Three countries have agreed on the selection of French company Artelia Group to help study the impact of Africa’s biggest hydroelectric project – the $4.8bn Grand Ethiopian Renaissance Dam (GERD) – as the uneasy truce on the scheme between Ethiopia, Egypt and Sudan continues into 2016.
The decision, which was among others reached by foreign ministers in the Sudanese capital of Khartoum on 29 December (pictured), is seen as a long-overdue step as Ethiopia continues building its massive dam for the waters of the Blue Nile, amid deep concern on the part of Egypt.
The dam, already half built by Italian contractor Salini Impregilo, is the most important project in Ethiopia. The GERD hydroelectric power plant will have an installed capacity of 6,000 MW – more than double Ethiopia’s current generating capacity – and is central to the government’s plan to be a net power exporter to the electricity-starved continent.
Engineering consultancy Artelia Group now joins BRL Ingénierie, another French consulting group, in assessing the impact of the dam.

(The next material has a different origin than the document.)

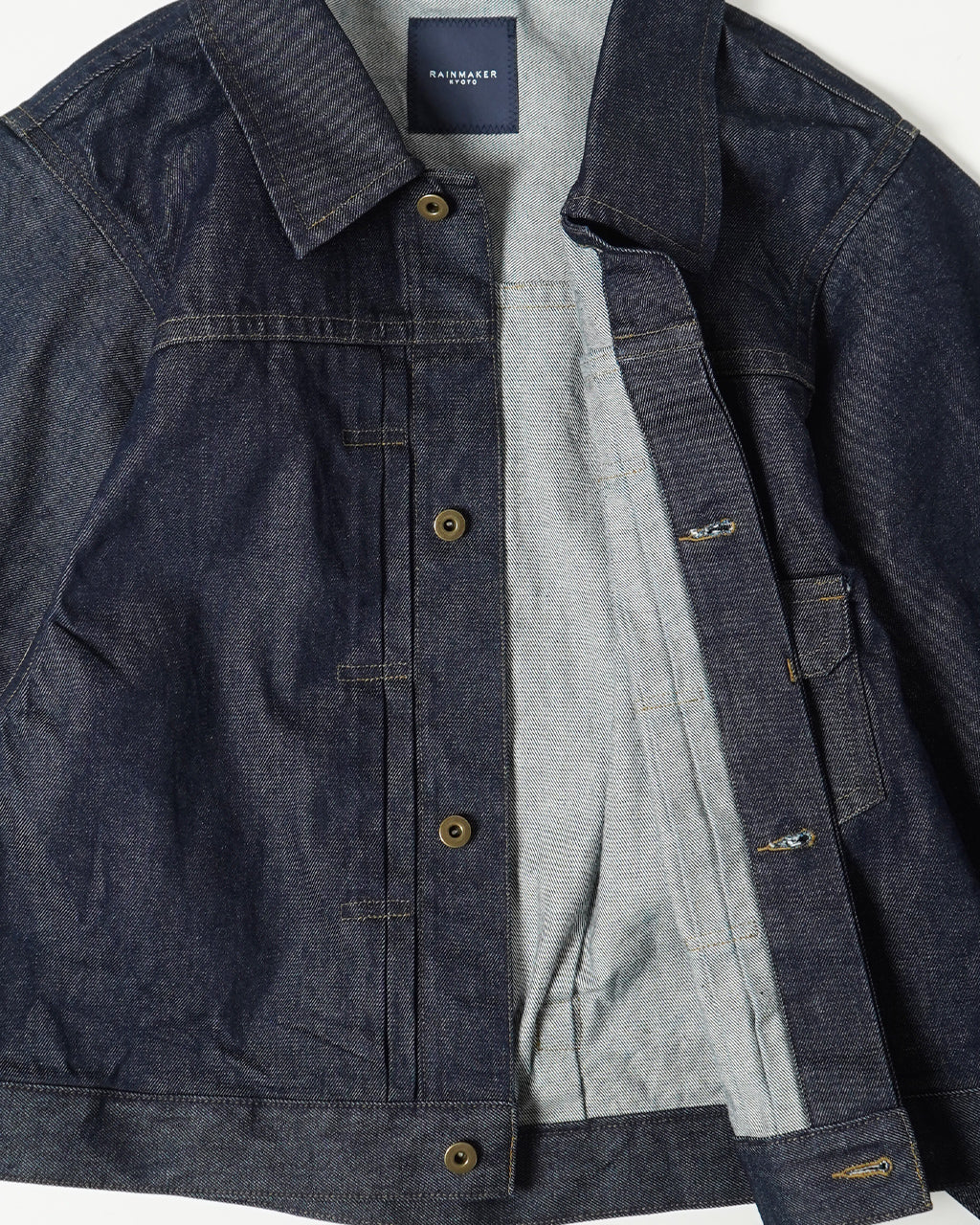 RAINMAKER 레인 메이커 N 슬리브 트래커 재킷 N-SLEEVE TRUCKER JACKET 데님 재킷 RM251-027【무료우송】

The new technical studies will start in February, and will take between six and 15 months, Sudanese water minister Moataz Mousa has said.

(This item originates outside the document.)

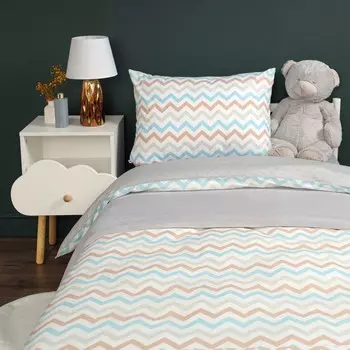 Комплект постельного белья Siberia зигзаг бежевый Подростковый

Since construction of the nearly two-kilometre-wide, 170-m-high dam began in 2011, governments in Egypt have cast GERD as an existential threat, claiming it will reduce the flow of the Nile, on which Egypt depends.
Ethiopia denies that Egypt and other downstream countries will be adversely affected by GERD, but the prospect of war over the dam was raised in 2013 and 2014.
As well as ratifying Artelia’s appointment, the December meeting mostly affirmed the principles set out the previous March, which commit the countries to speed up the impact study and build trust. A new round of talks is scheduled for February 2016.
Having raised the project funding mostly by itself, the Ethiopian government will be looking to start generating electricity – and a return on its investment – as quickly as possible.